Moving markets today: Asia follows Wall Street lower, oil prices slide, Japan core inflation rises, Netflix beats subscriber targets; Focus shifts to UK retail sales data 

US stocks declined overnight, continuing a broader downtrend after a tech-heavy sell-off the previous day. Asian markets are likely to end the week on a negative note due to ongoing geopolitical uncertainties and economic concerns, even as the global trend of easing interest rates begins. Oil prices dropped on Friday, setting up for a second consecutive weekly decline, as mixed economic signals and a stronger dollar dampened investor sentiment. Gold prices also fell on Friday but are on track for a fourth straight weekly gain, driven by expectations that the Federal Reserve might cut US interest rates in September, which has increased gold’s appeal as a non-yielding asset. In the UK, GfK consumer confidence has risen to its highest level in nearly three years. Meanwhile, Japan’s core inflation ticked up in June, keeping the possibility of a Bank of Japan rate hike in play. Netflix exceeded its subscriber targets but warned of slower growth in ad revenue. UK retail sales data is set to be released on Friday, and speeches by US Federal Reserve officials John C. Williams and Raphael Bostic, as well as earnings reports from American Express, are also anticipated. Britain’s FTSE 100 is poised to end the week with a loss, breaking a two-week winning streak, despite a 0.2 per cent gain on Thursday.

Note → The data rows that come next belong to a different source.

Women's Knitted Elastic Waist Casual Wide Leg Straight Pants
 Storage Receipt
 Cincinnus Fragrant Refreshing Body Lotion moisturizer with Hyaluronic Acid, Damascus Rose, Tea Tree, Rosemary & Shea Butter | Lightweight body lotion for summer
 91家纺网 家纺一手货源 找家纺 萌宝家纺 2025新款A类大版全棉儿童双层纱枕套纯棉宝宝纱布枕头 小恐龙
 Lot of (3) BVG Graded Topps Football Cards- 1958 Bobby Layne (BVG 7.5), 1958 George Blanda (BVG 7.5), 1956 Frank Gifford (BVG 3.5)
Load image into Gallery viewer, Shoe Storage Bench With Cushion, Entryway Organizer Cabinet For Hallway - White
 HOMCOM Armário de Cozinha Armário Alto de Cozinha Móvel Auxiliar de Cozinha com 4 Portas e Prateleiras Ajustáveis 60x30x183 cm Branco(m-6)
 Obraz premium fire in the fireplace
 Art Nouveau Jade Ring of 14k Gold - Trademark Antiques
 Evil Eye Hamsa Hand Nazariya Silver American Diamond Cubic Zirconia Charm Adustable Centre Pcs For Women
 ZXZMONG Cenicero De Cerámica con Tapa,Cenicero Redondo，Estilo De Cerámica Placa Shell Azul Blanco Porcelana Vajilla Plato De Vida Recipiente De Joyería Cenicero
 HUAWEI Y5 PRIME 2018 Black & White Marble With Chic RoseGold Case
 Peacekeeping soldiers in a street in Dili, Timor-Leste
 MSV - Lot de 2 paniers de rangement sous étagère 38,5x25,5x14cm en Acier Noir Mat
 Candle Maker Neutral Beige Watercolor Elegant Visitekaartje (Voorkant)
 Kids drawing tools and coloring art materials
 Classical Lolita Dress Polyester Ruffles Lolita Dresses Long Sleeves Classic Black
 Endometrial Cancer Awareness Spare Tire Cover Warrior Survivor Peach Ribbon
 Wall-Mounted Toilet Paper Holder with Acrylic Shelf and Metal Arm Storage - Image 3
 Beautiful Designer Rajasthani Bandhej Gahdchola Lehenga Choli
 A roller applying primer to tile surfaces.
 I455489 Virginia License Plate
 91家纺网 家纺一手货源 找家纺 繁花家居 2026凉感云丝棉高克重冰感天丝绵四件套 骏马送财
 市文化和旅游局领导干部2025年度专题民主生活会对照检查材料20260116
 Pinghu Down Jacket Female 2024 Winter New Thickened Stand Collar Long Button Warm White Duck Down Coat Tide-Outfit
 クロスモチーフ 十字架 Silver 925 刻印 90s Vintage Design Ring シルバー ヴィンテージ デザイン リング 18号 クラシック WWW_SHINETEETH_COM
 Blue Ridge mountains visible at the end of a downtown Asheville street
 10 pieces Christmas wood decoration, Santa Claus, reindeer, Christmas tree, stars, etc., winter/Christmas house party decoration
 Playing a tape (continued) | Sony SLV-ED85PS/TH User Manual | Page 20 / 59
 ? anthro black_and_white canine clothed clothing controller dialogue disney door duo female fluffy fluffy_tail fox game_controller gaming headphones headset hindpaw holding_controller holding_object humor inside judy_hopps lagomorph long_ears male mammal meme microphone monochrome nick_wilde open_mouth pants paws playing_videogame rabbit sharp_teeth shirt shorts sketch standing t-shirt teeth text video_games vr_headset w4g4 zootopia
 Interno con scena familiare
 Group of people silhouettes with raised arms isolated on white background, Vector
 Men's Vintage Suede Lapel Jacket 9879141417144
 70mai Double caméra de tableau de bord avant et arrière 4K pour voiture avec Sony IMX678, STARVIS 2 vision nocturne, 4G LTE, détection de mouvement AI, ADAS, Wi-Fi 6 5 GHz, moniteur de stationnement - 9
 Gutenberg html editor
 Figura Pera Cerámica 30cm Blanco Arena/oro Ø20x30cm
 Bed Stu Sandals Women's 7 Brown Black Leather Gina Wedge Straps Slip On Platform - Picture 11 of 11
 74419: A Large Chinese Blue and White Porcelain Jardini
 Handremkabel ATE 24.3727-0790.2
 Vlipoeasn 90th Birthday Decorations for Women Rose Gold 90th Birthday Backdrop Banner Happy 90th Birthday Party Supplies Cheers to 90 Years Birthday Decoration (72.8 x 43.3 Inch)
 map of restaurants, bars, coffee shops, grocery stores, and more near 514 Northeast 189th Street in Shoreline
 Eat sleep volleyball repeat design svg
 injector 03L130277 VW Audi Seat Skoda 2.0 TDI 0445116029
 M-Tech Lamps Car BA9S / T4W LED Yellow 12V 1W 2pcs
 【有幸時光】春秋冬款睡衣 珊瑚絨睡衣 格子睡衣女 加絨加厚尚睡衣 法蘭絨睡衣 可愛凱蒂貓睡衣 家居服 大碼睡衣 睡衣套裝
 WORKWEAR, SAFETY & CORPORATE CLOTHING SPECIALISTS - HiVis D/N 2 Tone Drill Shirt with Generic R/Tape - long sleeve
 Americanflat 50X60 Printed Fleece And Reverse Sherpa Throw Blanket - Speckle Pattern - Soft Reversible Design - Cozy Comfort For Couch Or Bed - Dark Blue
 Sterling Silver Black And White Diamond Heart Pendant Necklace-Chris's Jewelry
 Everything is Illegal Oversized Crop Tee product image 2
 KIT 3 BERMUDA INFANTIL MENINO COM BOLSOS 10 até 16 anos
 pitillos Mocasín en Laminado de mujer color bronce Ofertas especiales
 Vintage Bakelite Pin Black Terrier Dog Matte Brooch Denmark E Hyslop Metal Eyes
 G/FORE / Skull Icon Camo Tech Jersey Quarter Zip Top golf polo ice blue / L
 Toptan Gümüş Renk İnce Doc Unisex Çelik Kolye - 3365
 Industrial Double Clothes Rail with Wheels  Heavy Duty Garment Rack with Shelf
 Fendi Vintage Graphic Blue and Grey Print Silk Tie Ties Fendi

Here are five key takeaways for your day. 

UK consumer confidence reaches near 3-year high: GfK

Consumer confidence in Britain hit its highest point in almost three years this month, as reported by a survey on Friday.  

Despite the recent government changes and the England men’s soccer team’s activities, these factors did not significantly impact the results.  

The GfK consumer confidence survey, the oldest of its kind in the UK, improved to -13 in July, marking its highest level since September 2021, Reuters reported.

However, this was only a modest improvement from June’s -14 and fell short of the predicted -12. 

Japan’s core inflation rises in June, keeping BOJ rate hike possibility alive

In June, Japan’s core consumer prices rose by 2.6 per cent from the previous year, marking a second consecutive month of acceleration and fueling expectations that the central bank might soon increase interest rates.  

This core consumer price index (CPI), which excludes volatile fresh food prices, came in just short of the 2.7 per cent forecast but followed a 2.5 per cent rise in May.  

Higher energy costs, driven by reduced government subsidies for utility bills, surged 7.7 per cent year-on-year in June, up from 7.2 per cent in May, which helped boost overall inflation.  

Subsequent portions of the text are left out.